Citigroup beefing up Islamic ops


BY Hanim Adnan

CITIGROUP Islamic banking vehicle, Citi Islamic Investment Bank E.C. (CIIB), aims to strengthen its position in the global Islamic banking business through its diversified range of alternative Islamic products and services for the international market. 

Visiting Citigroup global Islamic finance business head and CIIB managing director Saad Ashraf told StarBiz that Citigroup, as a leading player in Islamic financing, was firmly set to be a viable alternative to the conventional financial services. 

Saad Ashraf

With an estimated 30% growth annually in the industry, he said: “There is a huge potential waiting to be tapped given the increasing awareness among Muslims and non-Muslim players alike on the uniqueness of Islamic products and services.” 

To date, the global Islamic finance industry has an estimated total capital of US$13bil with US$202bil in deposits, US$159bil in investments and US$262bil in assets. 

Over the past four years, Ashraf said CIIB had structured international Islamic transactions of more than US$5bil – drawing from its knowledge on Islamic banking market, strong investor relations and the support of its parent Citigroup, the world's largest financial services institution. 

CIIB's core operation is in the structuring and distribution of Islamic banking transactions in trade finance, structured trade finance, leasing, fund management and Islamic securities. 

Ashraf, who is responsible for Citigroup's institutional global Islamic products said: “We have successfully introduced Islamic finance products to issuers in new markets like Brazil, South Korea, the Netherlands, Japan, France, Hungary, Italy, South Africa, Pakistan, India and Bangladesh.” 

More recently, CIIB is involved in the structuring and syndication of a landmark project finance transaction for Turkey worth US$54mil. 

As a leading player in Islamic financing, particularly Islamic fund-raising globally, Ashraf said: “We are working closely with other Islamic banks to further develop a range of Islamic products which are active for a broad investor base and comparable in terms of economics to any similar products on the conventional side.” 

Over the years, CIIB has launched a series of Islamic products and services through the group's Islamic Finance windows. 

On Malaysia, Ashraf said: “There is also possibility for CIIB to tap Malaysia's successful Islamic products and services to be adopted into Citigroup's global Islamic finance network.” 

For example, Islamic technology of some of the products such as Islamic mortgages and deposit products that are being offered in Malaysia could be transferred to other countries offering similar products instead of reinventing the pool.  

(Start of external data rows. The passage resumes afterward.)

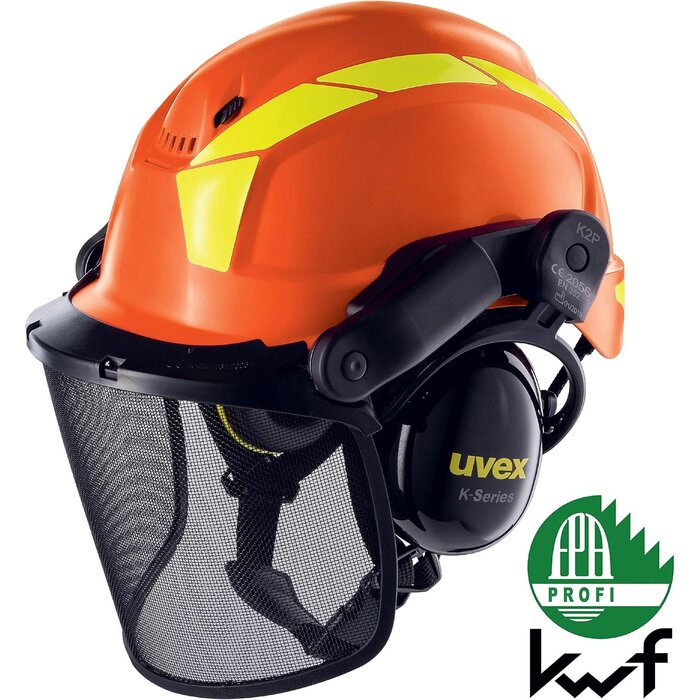 Casque forestier complet avec visière et protection auditive - 34% de remise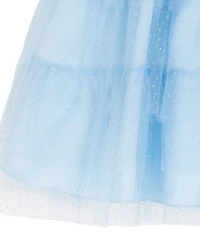 Rare Editions Little Girls Short-Sleeve Metallic-Foiled-Dot Fit-And-Flare Mesh Dress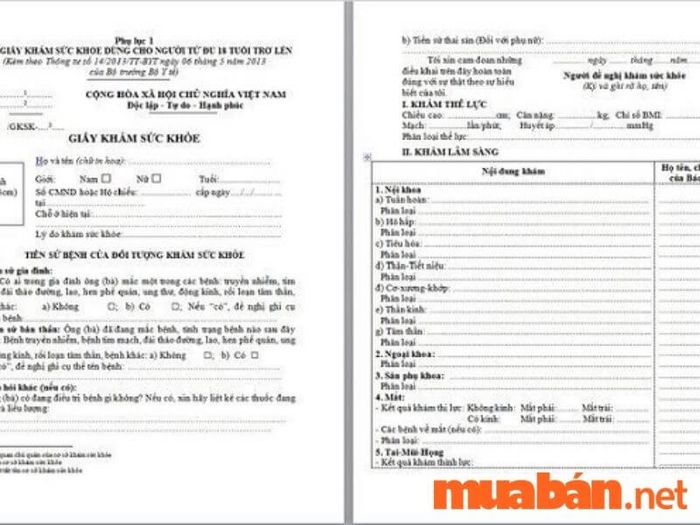 Mẫu giấy khám sức khỏe cho người từ 14 tuổi trở lên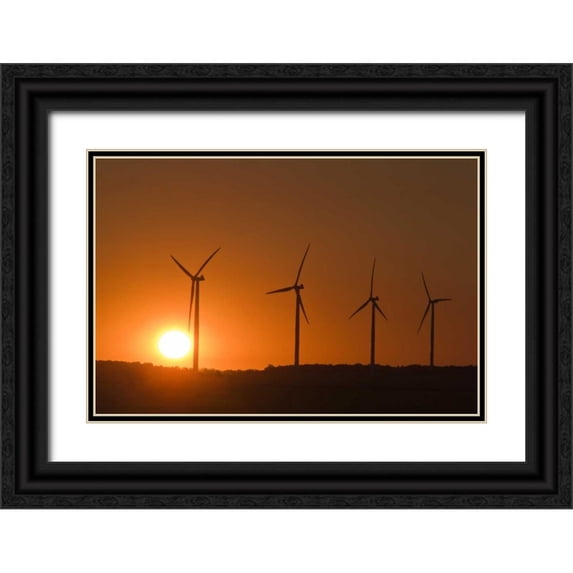 Grandmaison, Mike 24x17 Black Ornate Wood Framed with Double Matting Museum Art Print Titled - Canada, Somerset Wind turbines at sunset
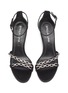 Detail View - Click To Enlarge - STELLA LUNA - Crystal chain detail heeled sandals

He said Malaysia's achievement in aggressively promoting Islamic banking was mainly attributed to its government and Bank Negara's commitment to institute strong regulatory and institutional framework to set the “rules of the game”. 

Piyush Gupta

“Malaysia has also been working hard towards the development of an active Islamic liquidity market by creating and issuing liquidity management instruments such as Sukuks,” Ashraf said. 

Malaysia, Qatar and the Islamic Development Bank (IDB) have raised financing through sovereign Sukuks, which would help boost the Islamic capital market. 

“Sovereign instruments promote capital flows between countries, help development projects and also provide a benchmark for corporate issuances,” he said. 

Ashraf was instrumental in coming up with the structure of the highly successful international debut of the US$400mil SUKUK offering by IDB, the first ever issue by an Islamic bank, which CIIB lead managed solely.  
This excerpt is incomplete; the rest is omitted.